I've just looked up about electric combi boilers, it seems this is what
I would need, assuming it pumps out hot water at a decent rate.

The trade does appear to use the name "electric combi boiler" for what
might be a suitable heating arrangement in your - unusual - situation. I
came across such a thing in a holiday cottage we rented a few weeks ago
(http://www.lindisfarne.org.uk/retreat/index.htm - highly recommended!
;-) As the URL suggests, it's on Lindisfarne, aka Holy Island - off the
Northumberland coast, access via causeway at low tide only. Thuz, no
mains gas; property intermittently occupied by succession of short-stay
visitors who can't be relied to light boilers, change gas bottles, or
any such; alternatives presumably oil (but no front garden and back
garden small, no access from any street!) and electric.

So they'd fitted what the mfrs literature called an "electric combi",
though more accurately it'd be an "electrically heated heatbank" -
there's a storage cylinder of (at a glance) 200? litre capacity, which
was heated through a pair of electric elements (use one for summer, both
in winter), time-controller with preference for heating during
cheap-rate night-time but would boost with pricey daytime leccy if
needed (OK for tenants paying multiple-hundreds for a week's stay).
They'd a good programmable stat, whose default setting was more or less
as a frost-stat (5 degs) with an early-morning keep-the-chill-off
period; tenant override by pushing up the setpoint (with resets to 5degs
programmed every 12h, to avoid using up the heat when the place was
empty). HW on direct-mains (unvented) heat-exchanger off the heatbank,
wasn't interested enough to work out whether the CH feed came off a
heat-exchanger or circulated the stored water - but in either case the
CH was very responsive.

With only two bedrooms and a bathroom upstairs, and a largish open-plan
living area downstairs, this arrangement was perfectly adequate to keep
the place toasty-warm on its own - though we dig bring up three
office-moving crates full of wood for the multifuel stove for the
prettiness off it, and in case of powercuts. The tenant instructions
asked us not to fiddle with any of the controls, and so I avoided the
temptation to switch to the 'winter' position (both heating elements). I
believ therefore that the heating (and the bath filling) was done with a
single 6kW element; if one was living there permanently, with more of an
eye on the running costs, I think you'd want to make use of the 'winter'
position to get both elements going in winter, purely to get the bulk of
the energy consumption done on cheaprate. The place was reasonably
insulated - gert thick walls, well-fitting windows - and being terraced
had only the front and rear exposed; but exposed to seriously chilling
winds - this being an island in the North Sea, after all!

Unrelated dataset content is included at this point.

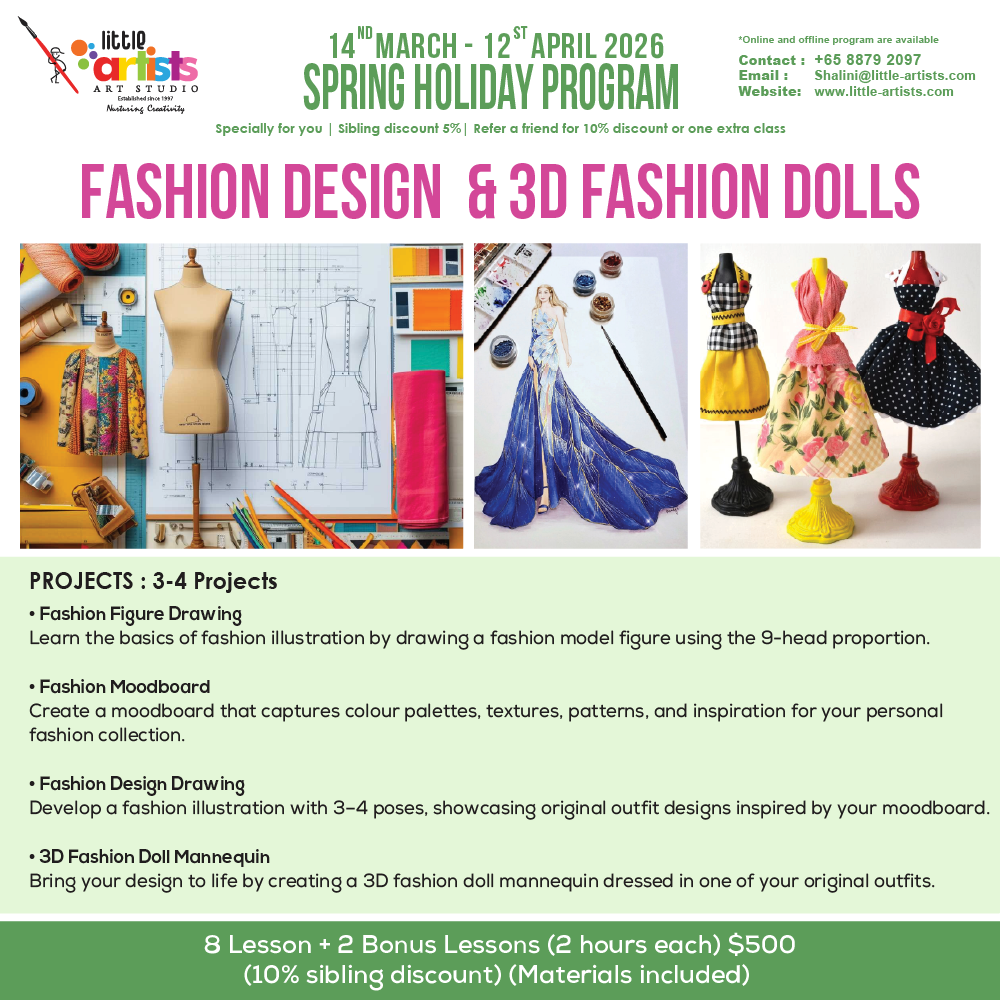 Fashion Design & 3D Fashion Dolls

What kW would be needed for an acceptable shower and for running a bath?
(won't be used for heating as there are electric rads here).
I've seen some boilers on discountedheating.co.uk from 2kW to 12kW.

Hope the thumbnail above suggests hope, in that case - 2kW sounds
stupidly small, 12kW may be overkill (but would give you relatively fast
recovery, at the cost of needing a hefty feed (50A circuit, may need to
get yor supplier to uprate their incoming fuse).

Can anyone recommend any decent plumbers in high wycombe?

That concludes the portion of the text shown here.